*Data provided:*
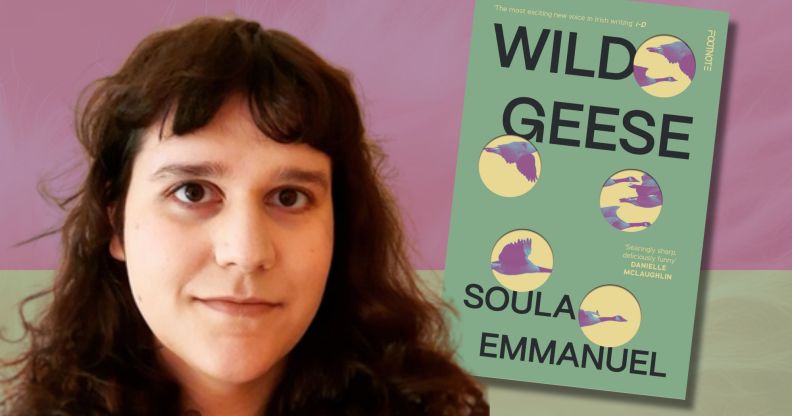 Author Soula Emmanuel' and her book Wild Geese.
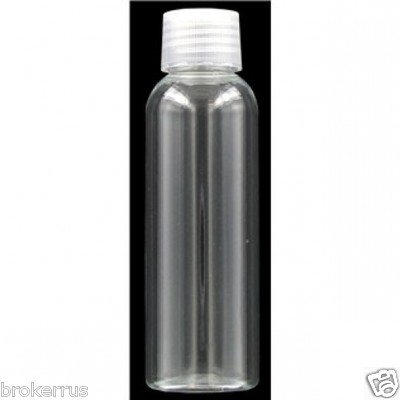 PLASTIC round Shatterproof BOTTLE Clear Airtight Cap Storage 3 oz .4 cup  100 mL | eBay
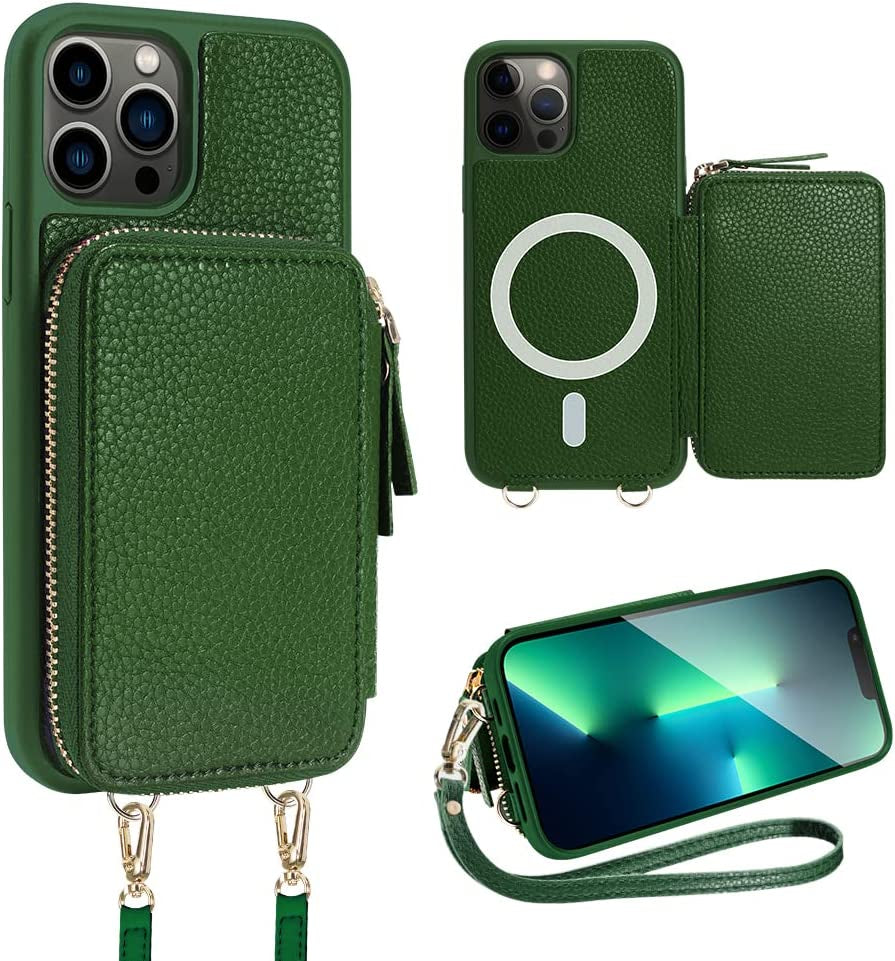 ZVE Iphone 14 Pro Crossbody Wallet Case Magsafe, Phone Case with RFID Blocking Card Holder Wrist Strap for Women, Zipper Leather Cover for Iphone 14 Pro, 6.1"-Black  ZVE Dark Green iPhone 13 Pro Max 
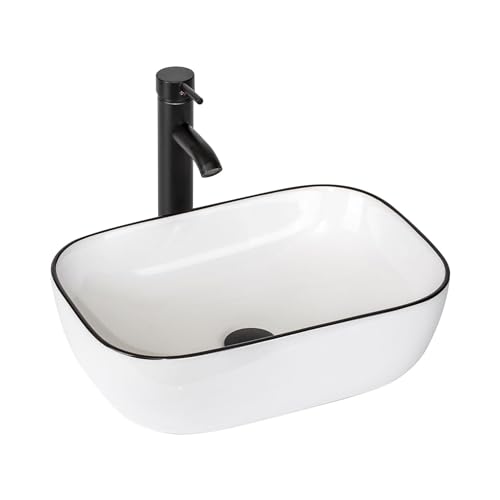 KGAR Bathroom Vessel Sink with Faucet Combo, 18' x 13' White Ceramic Above Counter Basin with Black...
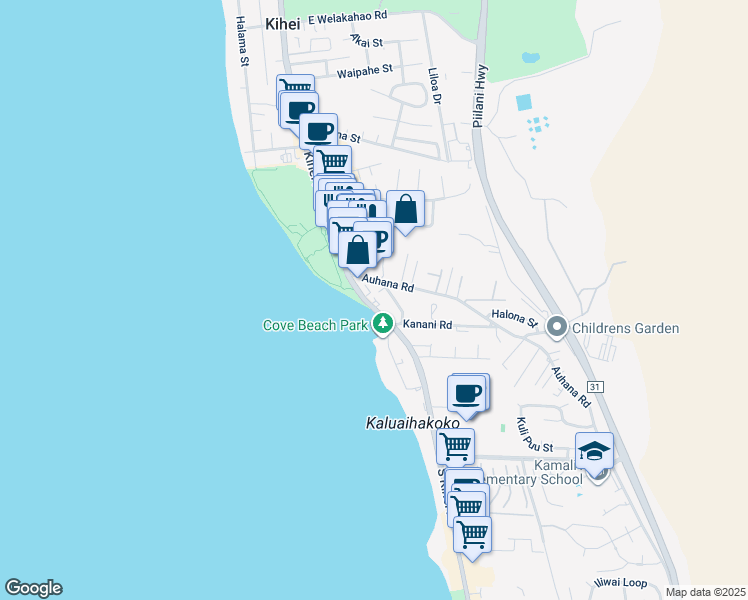 map of restaurants, bars, coffee shops, grocery stores, and more near 114 - 2075 South Kihei Road in Kihei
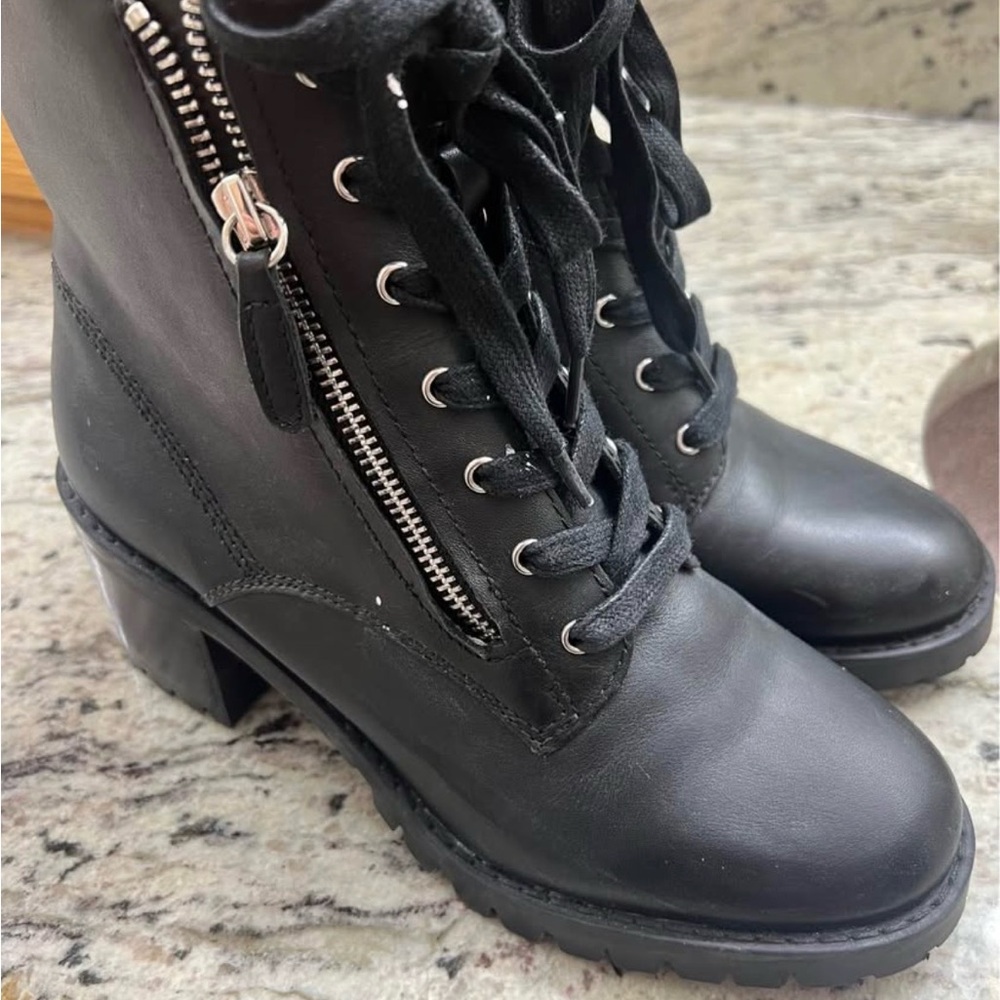 Aldo Black Lace-Up combat women’s Boots with Zipper Detail US size 7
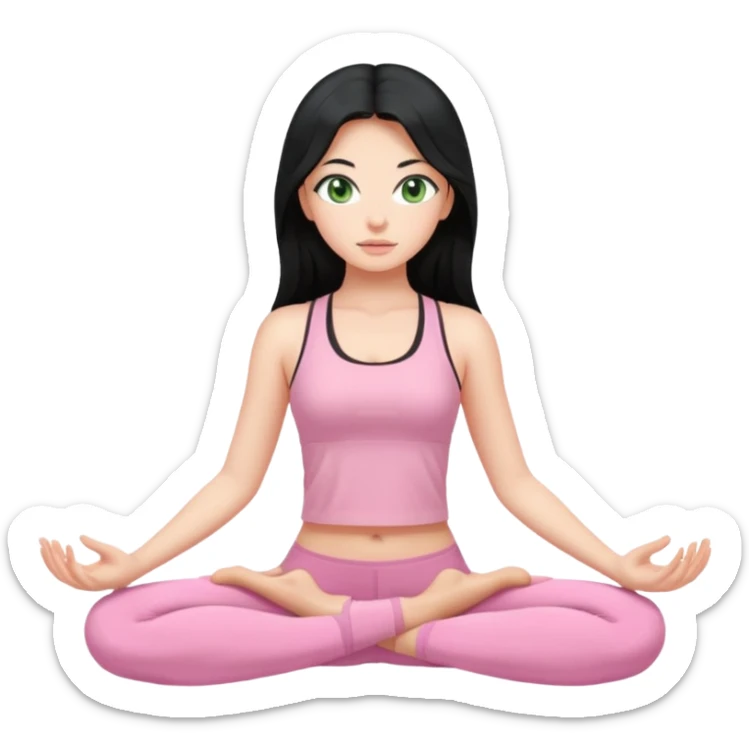 Girl with super long black hair with green eyes doing yoga with light pink clothes sticker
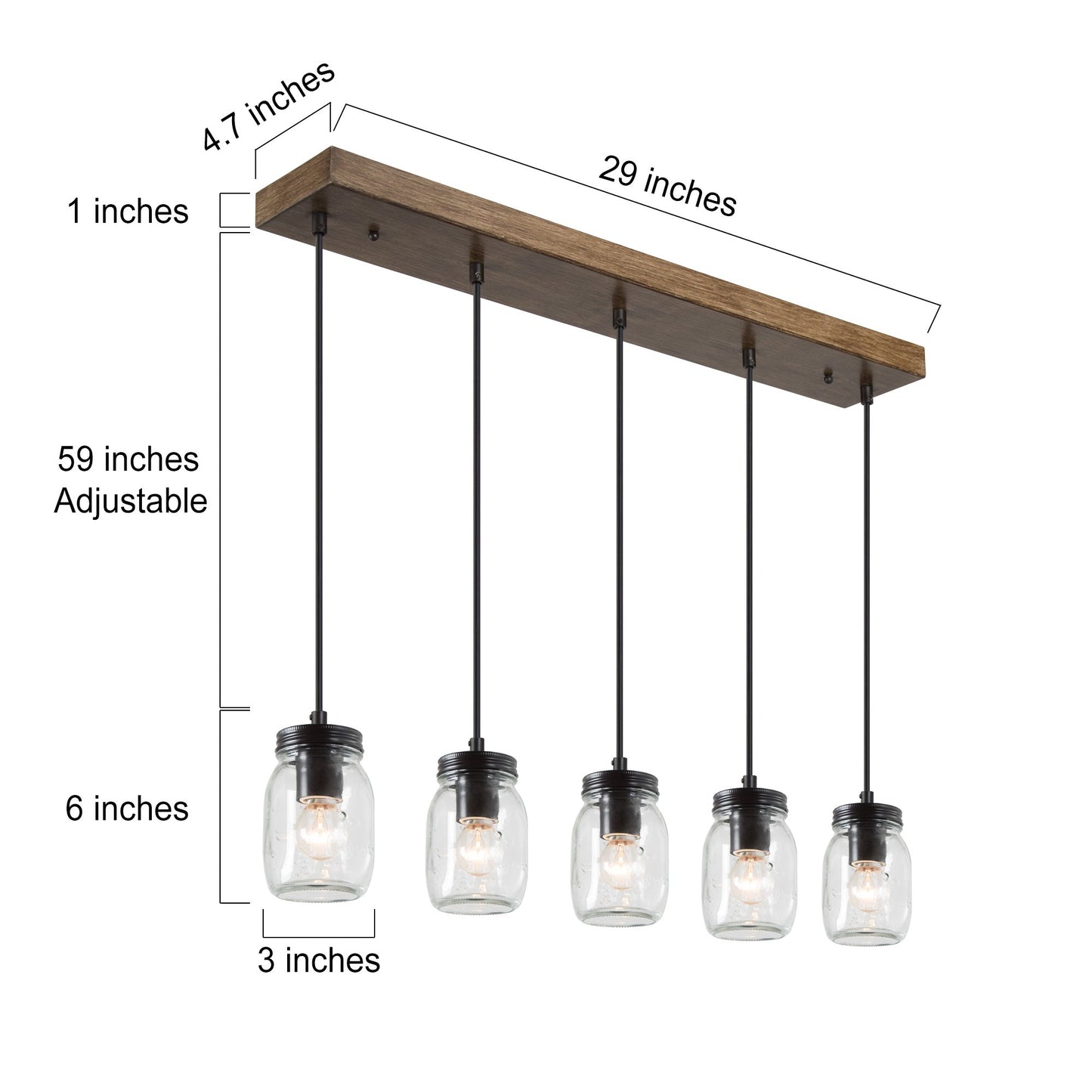 Squash 5-Light 29-in Black Farmhouse Cluster Kitchen Island Light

*Task to complete:*
Starting with the line that contains "Aldo Black Lace-Up", repeat each line exactly until the listing ends, including the last one. Leave pictures out.

*Result of this task:*
 Aldo Black Lace-Up combat women’s Boots with Zipper Detail US size 7
 Girl with super long black hair with green eyes doing yoga with light pink clothes sticker
 Squash 5-Light 29-in Black Farmhouse Cluster Kitchen Island Light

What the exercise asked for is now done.